Mon | Aug 21, 2017

J’Aristotle’s Jottings | A new hero for Jamaica?

Published:Thursday | April 13, 2017 | 4:00 AM

The history of Jamaica is filled with protests and rebellion: incidents of standing against oppression and injustice, slavery and colonialism. National Heroes such as Bogle, Gordon and Sharpe readily come to mind, not to mention Nanny and Garvey.

The actions of Alexander Bustamante and Norman Manley saw us through to Independence. However, ever since their legacy institutions, the Jamaica Labour Party (JLP) and the People's National Party (PNP), replaced the colonialists as our 'governors', we have not had any heroes to stand up for us, the Jamaican people.

Too often, the cry of the poor and disenfranchised go unheeded, unless there is political mileage to be gained from remedying their plight. Talk about 'swapping dog fi monkey'.

Why is it that in the 21st Century, after 55 years of Independence, so many of our citizens are being slaughtered, our children being increasingly abused, and so many are without basic commodities such as running water and electricity in their communities? The answer is simple; benefits are married to votes.

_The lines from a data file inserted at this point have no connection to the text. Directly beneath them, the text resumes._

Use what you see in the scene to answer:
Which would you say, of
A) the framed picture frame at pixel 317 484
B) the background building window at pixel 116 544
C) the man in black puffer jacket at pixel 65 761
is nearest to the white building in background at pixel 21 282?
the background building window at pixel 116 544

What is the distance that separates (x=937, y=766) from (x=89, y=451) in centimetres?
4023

I therefore put it to you, my people, it is time for a new hero. Question is, where can we find such a person?

 

The political 'elite'

 

Two people in the political hierarchy are placed where they can influence and drive significant change in our political environment and put country over party: these being Prime Minister Holness and Opposition Leader Phillips. Both have an opportunity to 'un-quag the mire', weed out the dinosaurs, the self-serving, and the non-performers.

Prime Minister Holness has a major impediment; with a one-seat majority in Parliament, he has to hold on to all his MPs, whether good, bad or ugly. Is he man enough to shuffle them around or out and be prepared to go back to the polls if they are not willing to put country over self?

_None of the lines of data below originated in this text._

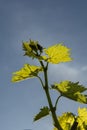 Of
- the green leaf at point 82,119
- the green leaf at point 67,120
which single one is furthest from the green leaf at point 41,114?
the green leaf at point 82,119

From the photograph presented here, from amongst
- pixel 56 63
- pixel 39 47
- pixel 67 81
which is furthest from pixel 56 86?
pixel 39 47

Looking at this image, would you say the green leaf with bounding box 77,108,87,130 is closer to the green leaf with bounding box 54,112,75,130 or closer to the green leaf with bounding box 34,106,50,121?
the green leaf with bounding box 54,112,75,130

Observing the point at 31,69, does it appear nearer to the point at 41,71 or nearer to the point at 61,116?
the point at 41,71

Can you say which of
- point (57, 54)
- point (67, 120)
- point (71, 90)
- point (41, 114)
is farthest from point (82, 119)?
point (57, 54)

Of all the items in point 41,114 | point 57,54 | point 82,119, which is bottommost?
point 82,119

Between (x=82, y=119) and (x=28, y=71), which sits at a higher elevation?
(x=28, y=71)

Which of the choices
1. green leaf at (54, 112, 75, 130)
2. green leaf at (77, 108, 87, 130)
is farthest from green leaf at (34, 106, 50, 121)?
green leaf at (77, 108, 87, 130)

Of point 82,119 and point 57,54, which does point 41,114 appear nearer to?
point 82,119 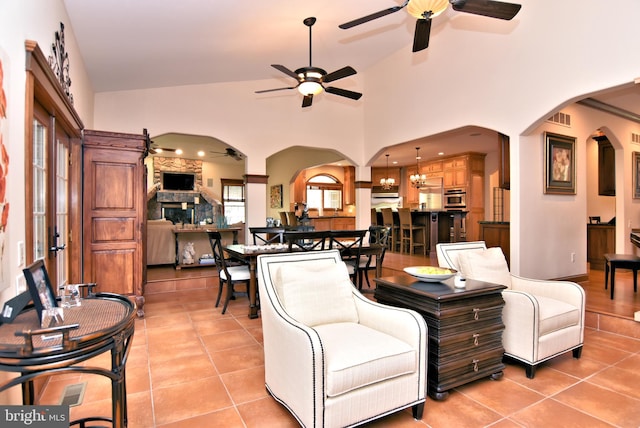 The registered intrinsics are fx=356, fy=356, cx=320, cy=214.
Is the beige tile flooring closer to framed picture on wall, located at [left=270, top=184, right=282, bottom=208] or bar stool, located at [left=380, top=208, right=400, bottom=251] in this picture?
bar stool, located at [left=380, top=208, right=400, bottom=251]

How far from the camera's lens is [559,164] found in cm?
458

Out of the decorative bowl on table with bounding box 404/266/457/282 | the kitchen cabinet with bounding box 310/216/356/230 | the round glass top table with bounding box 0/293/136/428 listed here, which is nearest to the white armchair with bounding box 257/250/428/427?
the decorative bowl on table with bounding box 404/266/457/282

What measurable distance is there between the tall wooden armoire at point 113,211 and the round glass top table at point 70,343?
228cm

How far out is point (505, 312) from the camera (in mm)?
2635

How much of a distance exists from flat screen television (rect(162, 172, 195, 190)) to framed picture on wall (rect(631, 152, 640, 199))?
35.6 ft

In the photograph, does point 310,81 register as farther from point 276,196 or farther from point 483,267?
point 276,196

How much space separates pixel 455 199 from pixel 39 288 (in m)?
9.65

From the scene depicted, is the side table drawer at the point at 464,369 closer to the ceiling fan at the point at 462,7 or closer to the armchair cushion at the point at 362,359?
the armchair cushion at the point at 362,359

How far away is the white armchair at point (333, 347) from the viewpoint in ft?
5.65

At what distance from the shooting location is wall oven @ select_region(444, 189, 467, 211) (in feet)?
31.2

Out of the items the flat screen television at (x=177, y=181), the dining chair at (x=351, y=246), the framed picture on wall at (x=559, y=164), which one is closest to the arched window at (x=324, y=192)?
the flat screen television at (x=177, y=181)

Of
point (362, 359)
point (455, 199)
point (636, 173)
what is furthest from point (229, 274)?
point (455, 199)

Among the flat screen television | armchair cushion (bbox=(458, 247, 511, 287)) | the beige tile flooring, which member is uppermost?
the flat screen television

On the other hand, is Dr Phillips willing to take a similar approach within his party, or would he instead focus on trying to take advantage of the situation if the prime minister were ever to risk putting country over retaining power with his razor-thin majority?

Wouldn't such actions would be truly heroic?

 

The private sector

 

Jamaica has a vibrant private sector laced with influential captains of industry. Is this the sector that will give rise to our next hero? Business is about profit. Many private-sector leaders hedge their bets by supporting both parties financially, and thereafter benefitting through board appointments, special concessions and, exclusive licences. These people were either sleeping during business ethics classes or are simply hypocritical. Oh well, moving right along.

 

The Public Service

 

Will our new commissioner of customs or newly-appointed Commissioner of Police have the courage to eradicate corruption within their organisations, put the right people in the right jobs and bring all law-breakers and tax evaders before the courts, regardless of their station in life? If so, could they be our next heroes? As to the rest of the public service, I don't hold out much hope. Many key decision-makers, such as permanent secretaries, are on contract. They are not so permanent anymore. With people trying to hold on to their jobs, the political will prevails over the civil-mindedness of the service. Next!

 

The people

 

People, don't expect any knight in shining armour to come to our rescue. Those who are 'more equal' than the rest of us want to protect their privileged positions. We must be the masters of our own destiny, the next national heroes.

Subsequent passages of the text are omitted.